David Martindale dave.martindale at gmail.com
Wed May 18 16:42:14 UTC 2011


The motor is essentially a permanent-magnet stepper motor.  The rotor
and stator have just 2 poles each, so the rotor has two stable
positions 180 degrees apart that provide holding torque.  Thus, the
motor holds position with no input current for most of each cycle.  To
move it, the drive applies a short current pulse to the motor.  The
pulses are alternating positive and negative polarity, so you'll need
something like an H-bridge to drive it.  Using a 3 volt supply instead
of the 1.5 that the motor was designed for would supply more power
than the motor needs if you keep the drive pulse the same width, but
you should be able to reduce the pulse width until the energy is about
the same as with 1.5 V drive and have the motor still operate.
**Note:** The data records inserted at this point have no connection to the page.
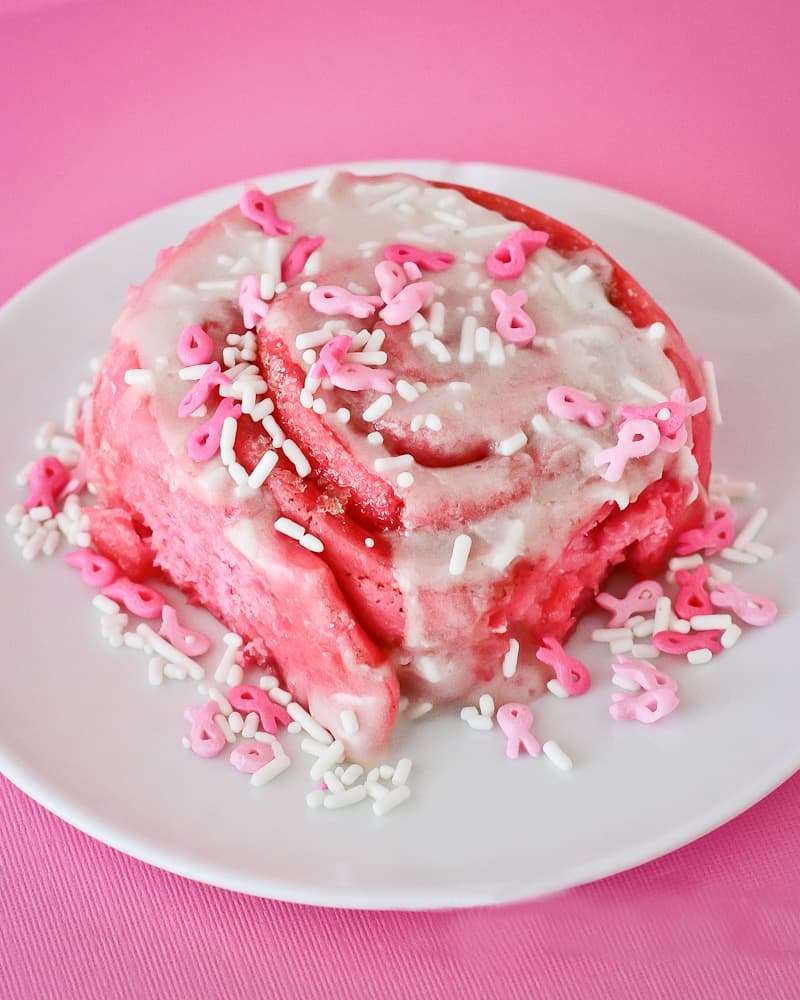 Pink Cinnamon Rolls - Cup of Yum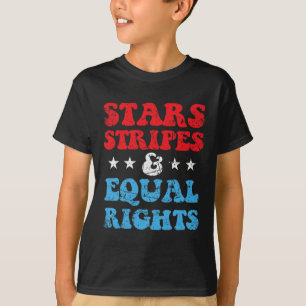 Strepen en gelijke rechten 4 juli Patriottische vr T-shirt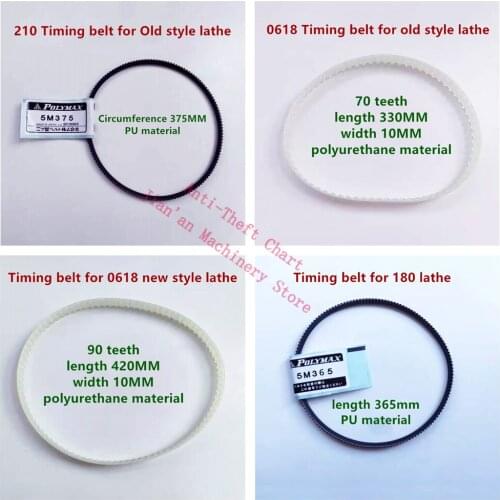 Special Belt for Mini Lathe Model 0618 Lathe Belt Fozhu Machine Belt Fozhu Machine Drive Belt CJ0618 180 210 Lathe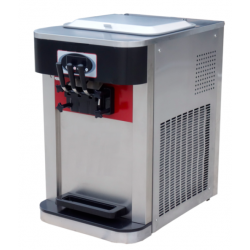 Maszyna do lodów włoskich RQMG723 | 2 smaki +mix | nastawna | nocne chłodzenie | 2x7 l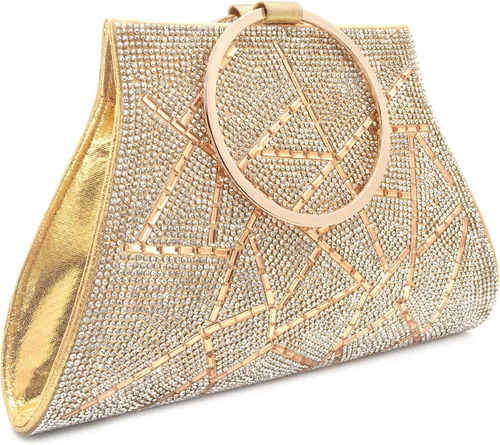 Vista 10 de Carteras Clutch de Cristal para Novia y Dama de Honor, Elegante Bolso de Muñeca de Noche para Mujeres Crystal, Bride and Bridesmaid, Elegant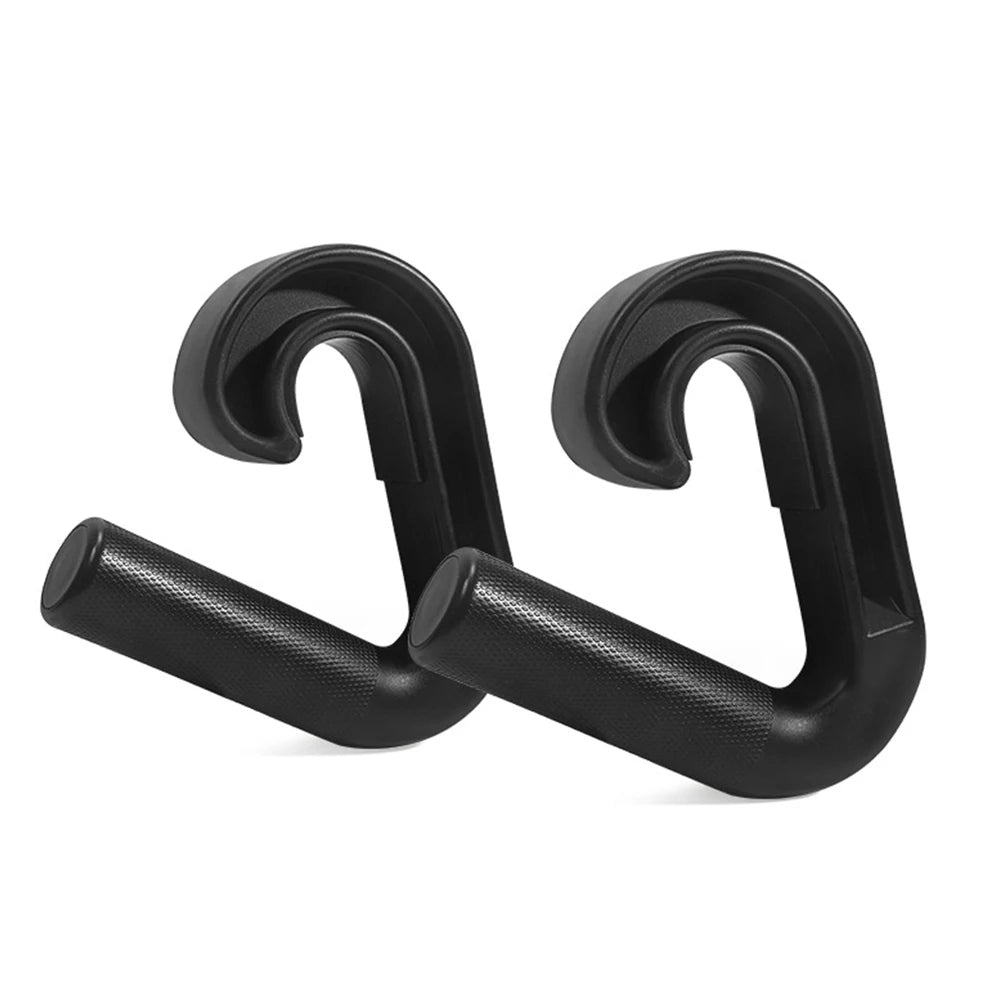Neutral Grip Handle Hook Fitness Handle Multi-Function Exercise Suspension Grip Resistance Band Handle for Barbell Pull-up Bars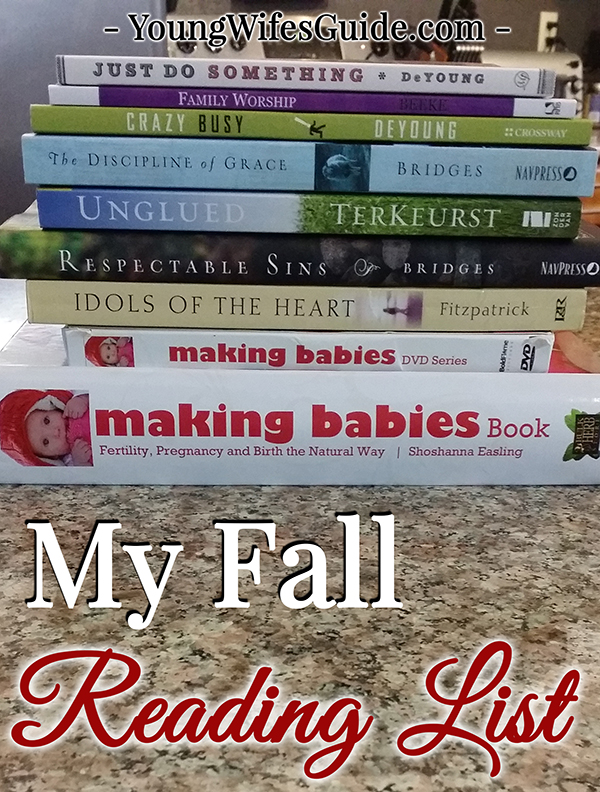 My Fall Reading List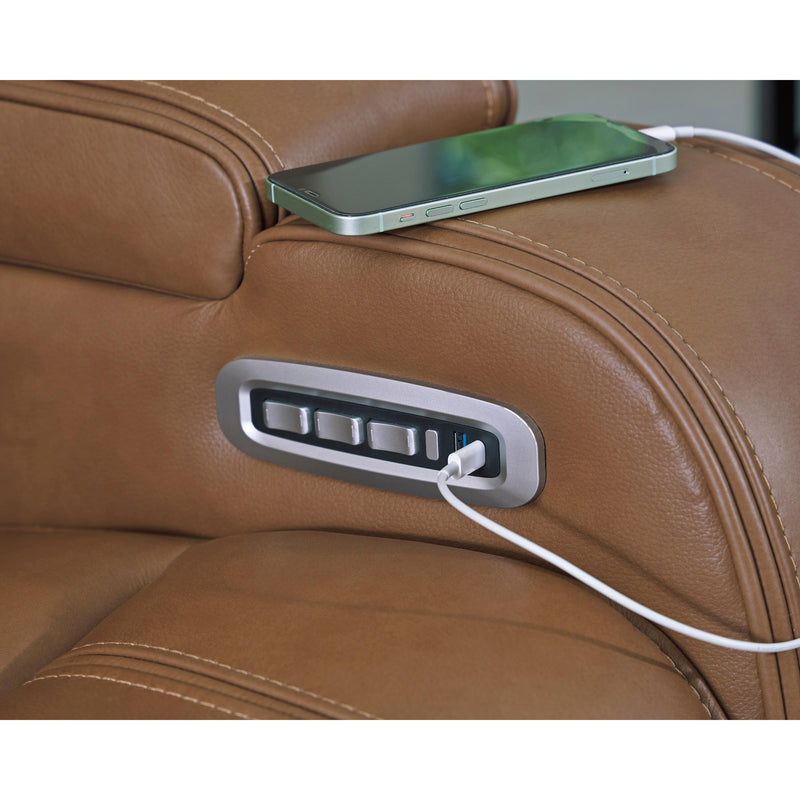 Signature Design by Ashley Knightington PCU1160018A Power Reclining Loveseat Audio Console IMAGE 10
Without having actually tried it, I think you should be able to select
a suitable tradeoff between reliable motor operation and power
consumption just by adjusting the "on" time of the drive pulse - no
voltage regulator or voltage dropping resistor needed.

There's only one stator coil to the motor, and one drive signal, so
you can't control motor direction.  The magnetic structures are
apparently deliberately asymmetric to ensure that the motor always
rotates in one direction when it receives a pulse of the appropriate
polarity.  (Get the pulse polarity wrong, and the motor just doesn't
rotate).

     Dave

On Wed, May 18, 2011 at 9:20 AM, Bob Camp <lists at rtty.us> wrote:
> The only obvious issue is to figure out the motor drive side and see what
> driving it straight rather than with a switcher does to the motor current.
> That's going to involve hacking up a wall clock. Since the clock is likely a
> single cell gizmo, the current probably will be a bit high.